Repeat nothing but the line that contains "2016 Land Rover" and the lines after it, through the end of the listing, exactly as they stand; omit pictures.

*** INPUT DATA

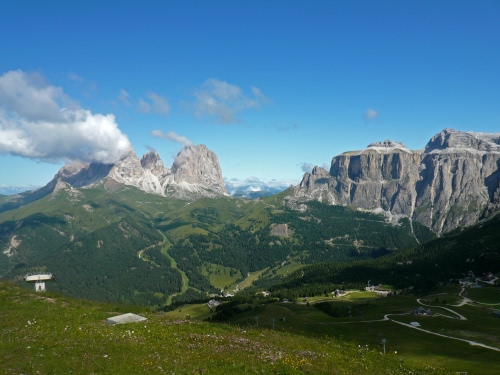 Immagine con montagne, nuvole, panorama, verde, prati, dolomiti, montagna, erba, rocce, roccia, cielo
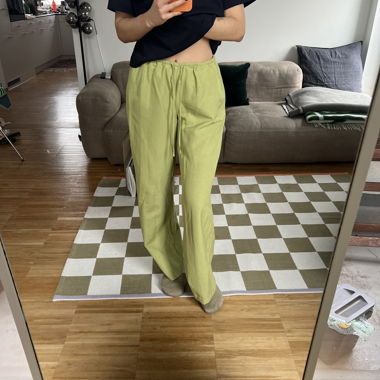 h&m green linen pants 🌿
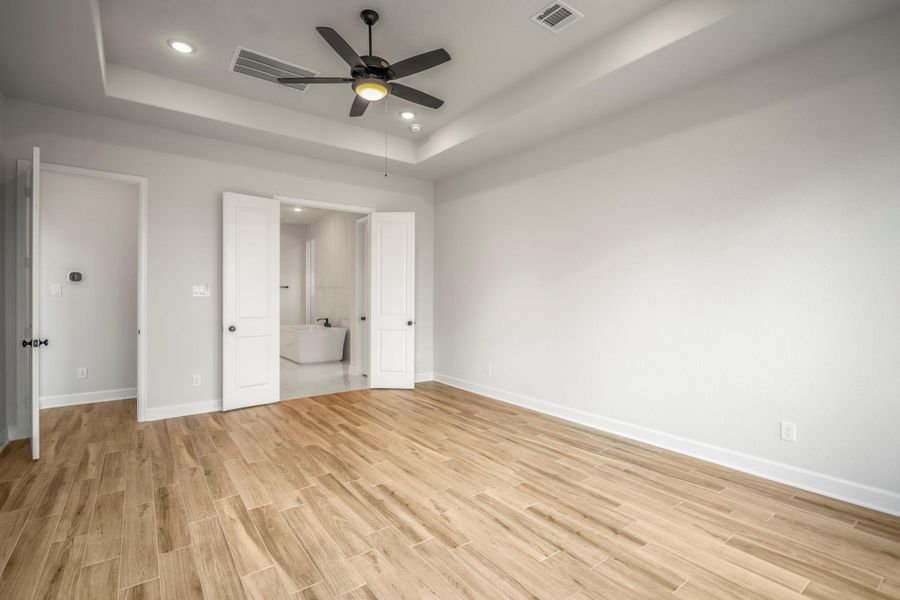 Spacious, unfurnished interior of a new home in Sienna 70' Lots, Missouri City (Image 40). Spacious, unfurnished interior of a new home in Sienna 70' Lots, Missouri City (Image 40).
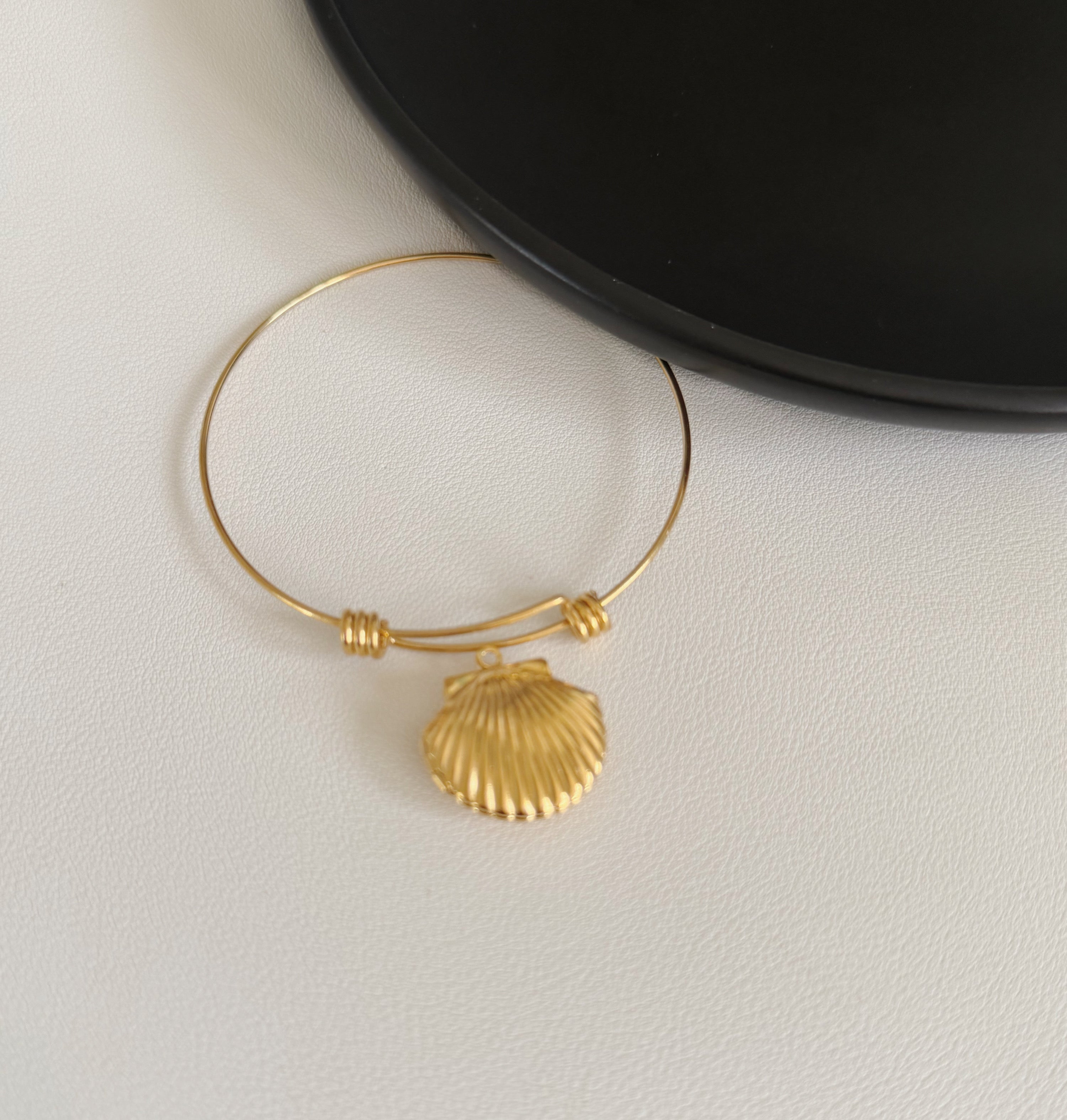 Shell photo necklace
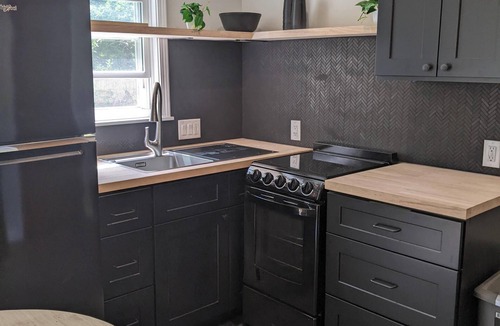 Ann Arbor House | Fantastic 2-bedroom townhome, 2 blocks from Michigan Stadium!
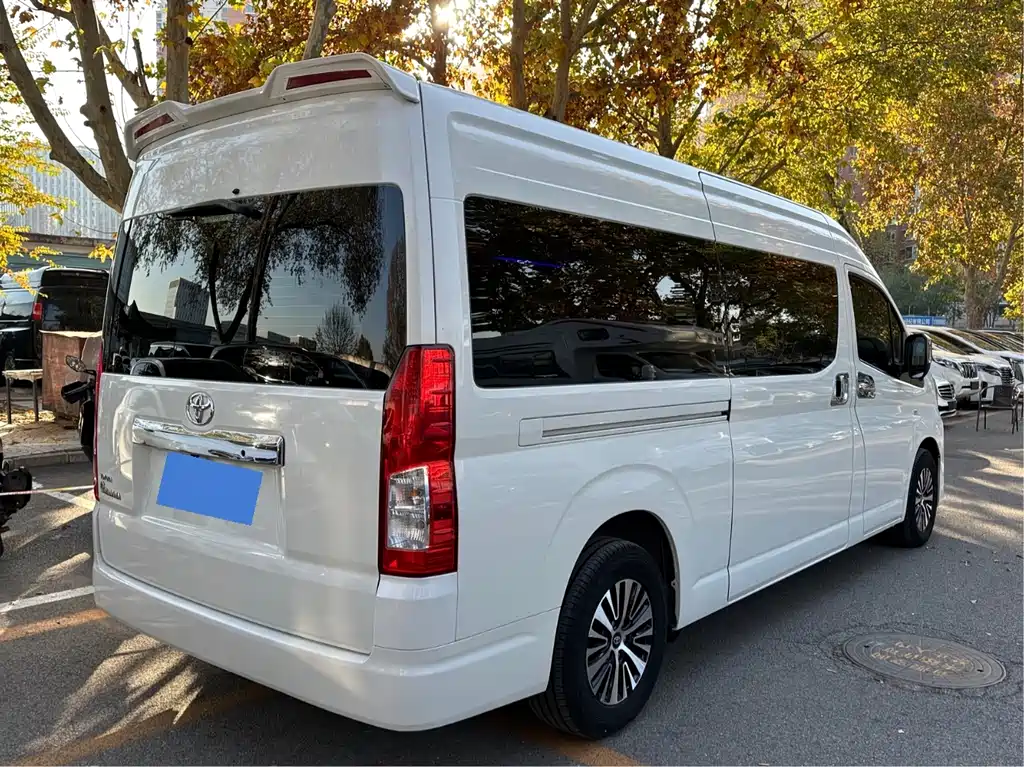 Toyota HiAce 2021 3.5L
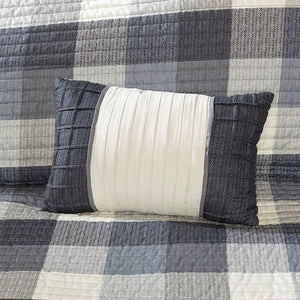 English Elm 6 Ridge Reversible Herringbone Quilt Set with Embroidered Throw Pillows Buffalo Plaid Cozy Lodge Vibe Grey 22.83 L x 17.72 W x 11.81 H B03597499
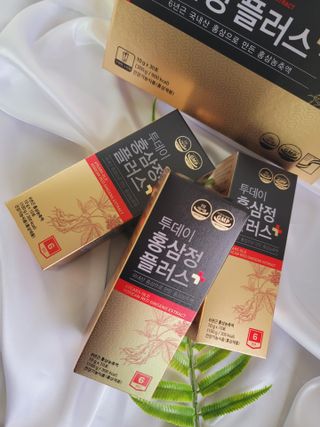 서울약사신협_투데이홍삼정플러스스틱_10g x 30포 — 5점을 준 리뷰어가 2021년 6월 올린 사용 사진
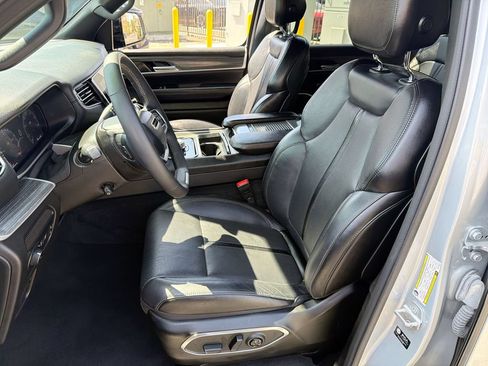Certified 2024 Jeep Wagoneer Series II w/ Flexible Seating Group RWD image 13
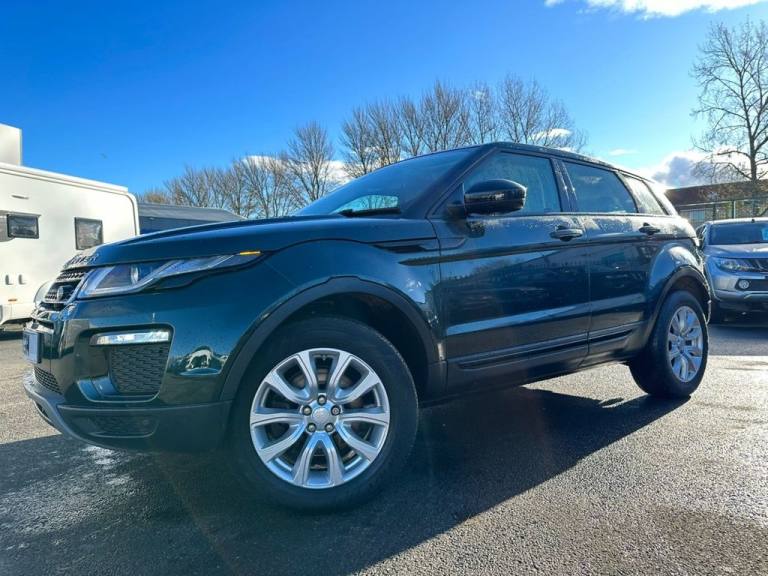 2016 Land Rover Range Rover Evoque 2.0 TD4 SE TECH 5d 177 BHP Estate Diesel Manual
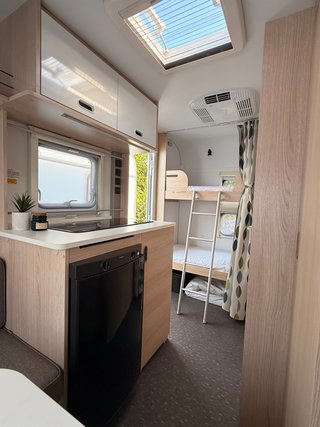 Caravana Adria 360 DK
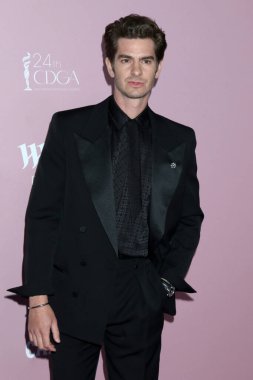 Andrew Garfield, Eli ve Edythe Broad Stage 'deki 24. Geleneksel Kostüm Tasarımcıları Birliği Ödülleri' nde 9 Mart 2022 'de Santa Monica, CA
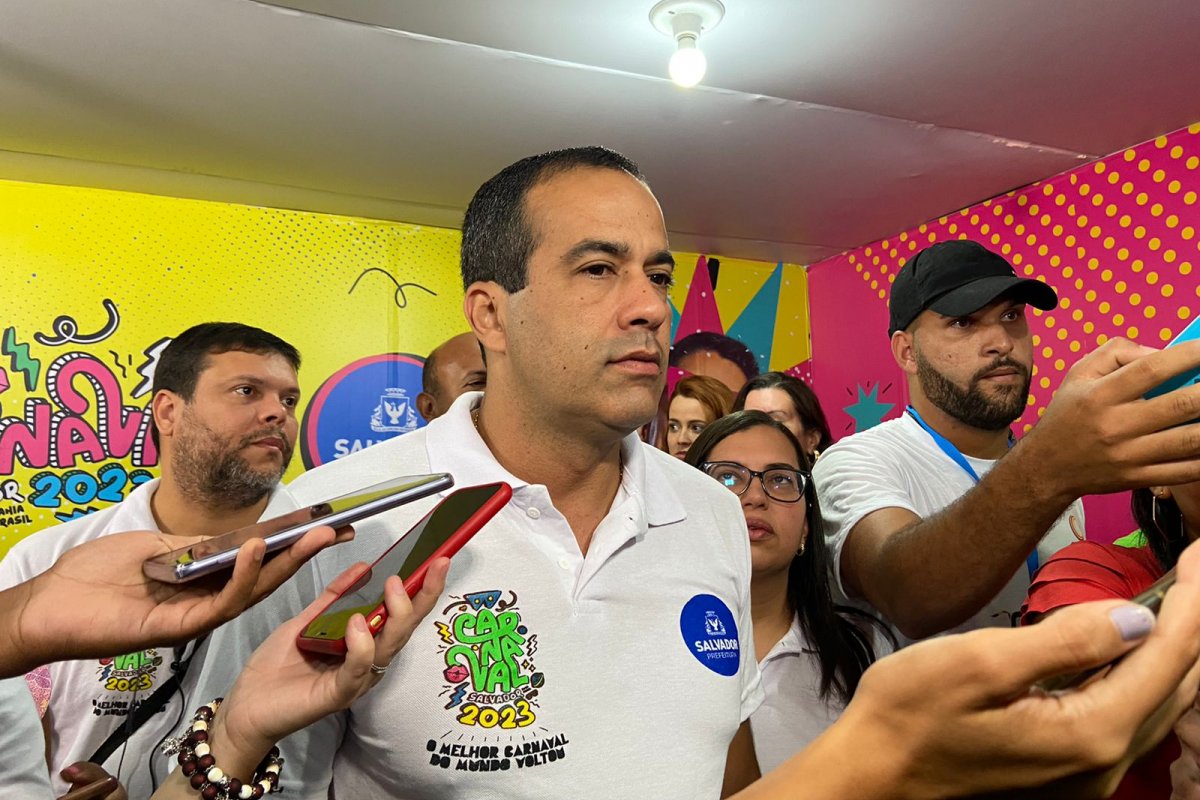 Bruno se diz surpreso com quantidade de foliões na quinta-feira de Canaval e diz que maior problema foi trânsito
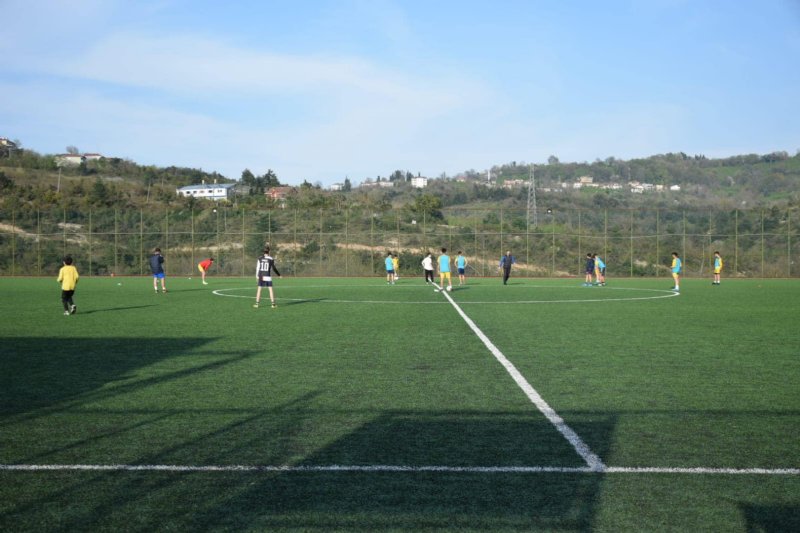 Alaplı Şehir Stadı´nda tribün yapımı tamamlandı… KARACAN, ´´ILÇEMİZE YAKIŞACAK´´ - 6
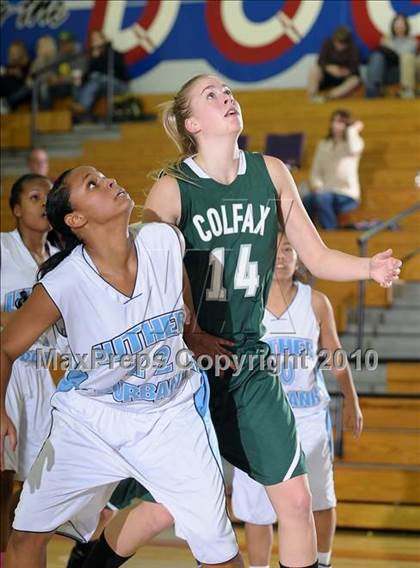 Thumbnail 1 in Colfax vs. Burbank (Lady Bulldogs Winter Classic) photogallery.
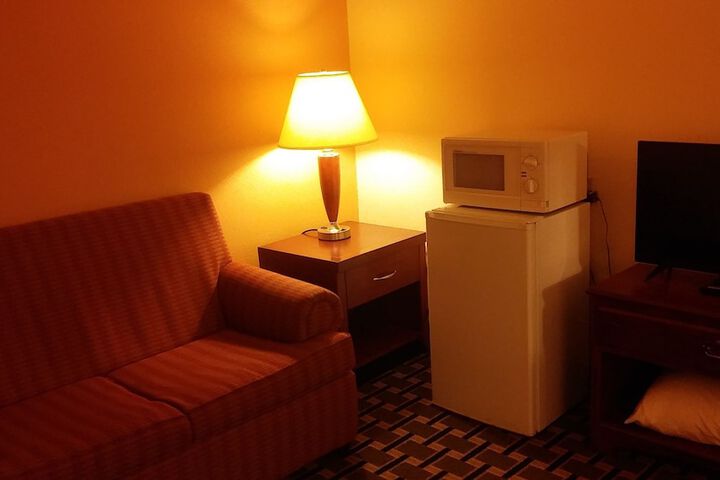 Econo Lodge Inn & Suites Brookings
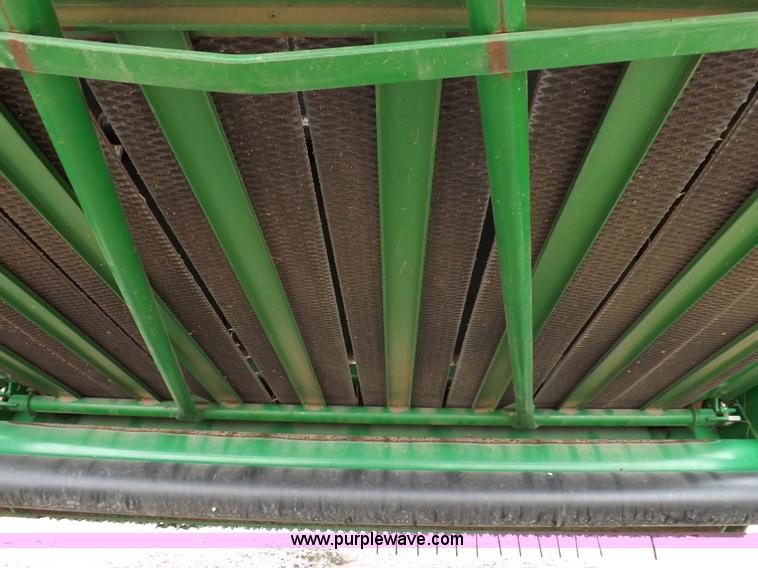 image for item K3076 2007 John Deere 568 round baler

******

#### EXERCISE ANSWER
 2016 Land Rover Range Rover Evoque 2.0 TD4 SE TECH 5d 177 BHP Estate Diesel Manual
 Caravana Adria 360 DK
 Andrew Garfield, Eli ve Edythe Broad Stage 'deki 24. Geleneksel Kostüm Tasarımcıları Birliği Ödülleri' nde 9 Mart 2022 'de Santa Monica, CA
 Bruno se diz surpreso com quantidade de foliões na quinta-feira de Canaval e diz que maior problema foi trânsito
 Alaplı Şehir Stadı´nda tribün yapımı tamamlandı… KARACAN, ´´ILÇEMİZE YAKIŞACAK´´ - 6
 Thumbnail 1 in Colfax vs. Burbank (Lady Bulldogs Winter Classic) photogallery.
 Econo Lodge Inn & Suites Brookings
 image for item K3076 2007 John Deere 568 round baler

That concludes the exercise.